§ **EXERCISE DIRECTIONS**
Every record shown here must be duplicated without change.

START DATA SECTION

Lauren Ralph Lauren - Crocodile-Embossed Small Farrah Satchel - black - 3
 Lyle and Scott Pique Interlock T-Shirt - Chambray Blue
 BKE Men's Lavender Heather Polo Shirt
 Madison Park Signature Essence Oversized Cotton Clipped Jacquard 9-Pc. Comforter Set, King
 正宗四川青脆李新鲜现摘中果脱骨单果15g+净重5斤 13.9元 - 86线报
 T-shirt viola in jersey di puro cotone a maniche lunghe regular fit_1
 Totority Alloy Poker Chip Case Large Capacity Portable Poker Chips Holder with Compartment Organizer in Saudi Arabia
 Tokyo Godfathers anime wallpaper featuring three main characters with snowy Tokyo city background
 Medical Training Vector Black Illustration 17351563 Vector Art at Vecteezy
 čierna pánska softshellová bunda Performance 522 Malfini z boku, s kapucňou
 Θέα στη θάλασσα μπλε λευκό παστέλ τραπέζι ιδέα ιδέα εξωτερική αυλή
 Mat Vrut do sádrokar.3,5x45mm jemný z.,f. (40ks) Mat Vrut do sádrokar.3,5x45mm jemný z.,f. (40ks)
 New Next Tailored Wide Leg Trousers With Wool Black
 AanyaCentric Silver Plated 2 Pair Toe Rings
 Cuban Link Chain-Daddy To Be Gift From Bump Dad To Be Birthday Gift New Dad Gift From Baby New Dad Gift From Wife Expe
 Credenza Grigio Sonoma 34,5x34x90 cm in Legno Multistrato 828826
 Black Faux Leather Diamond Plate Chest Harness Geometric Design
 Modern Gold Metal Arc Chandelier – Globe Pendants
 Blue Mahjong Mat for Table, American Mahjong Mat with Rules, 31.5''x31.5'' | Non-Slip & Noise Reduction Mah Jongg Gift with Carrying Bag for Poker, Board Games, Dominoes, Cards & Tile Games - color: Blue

END DATA SECTION

§ **EXERCISE RESULT**
Lauren Ralph Lauren - Crocodile-Embossed Small Farrah Satchel - black - 3
 Lyle and Scott Pique Interlock T-Shirt - Chambray Blue
 BKE Men's Lavender Heather Polo Shirt
 Madison Park Signature Essence Oversized Cotton Clipped Jacquard 9-Pc. Comforter Set, King
 正宗四川青脆李新鲜现摘中果脱骨单果15g+净重5斤 13.9元 - 86线报
 T-shirt viola in jersey di puro cotone a maniche lunghe regular fit_1
 Totority Alloy Poker Chip Case Large Capacity Portable Poker Chips Holder with Compartment Organizer in Saudi Arabia
 Tokyo Godfathers anime wallpaper featuring three main characters with snowy Tokyo city background
 Medical Training Vector Black Illustration 17351563 Vector Art at Vecteezy
 čierna pánska softshellová bunda Performance 522 Malfini z boku, s kapucňou
 Θέα στη θάλασσα μπλε λευκό παστέλ τραπέζι ιδέα ιδέα εξωτερική αυλή
 Mat Vrut do sádrokar.3,5x45mm jemný z.,f. (40ks) Mat Vrut do sádrokar.3,5x45mm jemný z.,f. (40ks)
 New Next Tailored Wide Leg Trousers With Wool Black
 AanyaCentric Silver Plated 2 Pair Toe Rings
 Cuban Link Chain-Daddy To Be Gift From Bump Dad To Be Birthday Gift New Dad Gift From Baby New Dad Gift From Wife Expe
 Credenza Grigio Sonoma 34,5x34x90 cm in Legno Multistrato 828826
 Black Faux Leather Diamond Plate Chest Harness Geometric Design
 Modern Gold Metal Arc Chandelier – Globe Pendants
 Blue Mahjong Mat for Table, American Mahjong Mat with Rules, 31.5''x31.5'' | Non-Slip & Noise Reduction Mah Jongg Gift with Carrying Bag for Poker, Board Games, Dominoes, Cards & Tile Games - color: Blue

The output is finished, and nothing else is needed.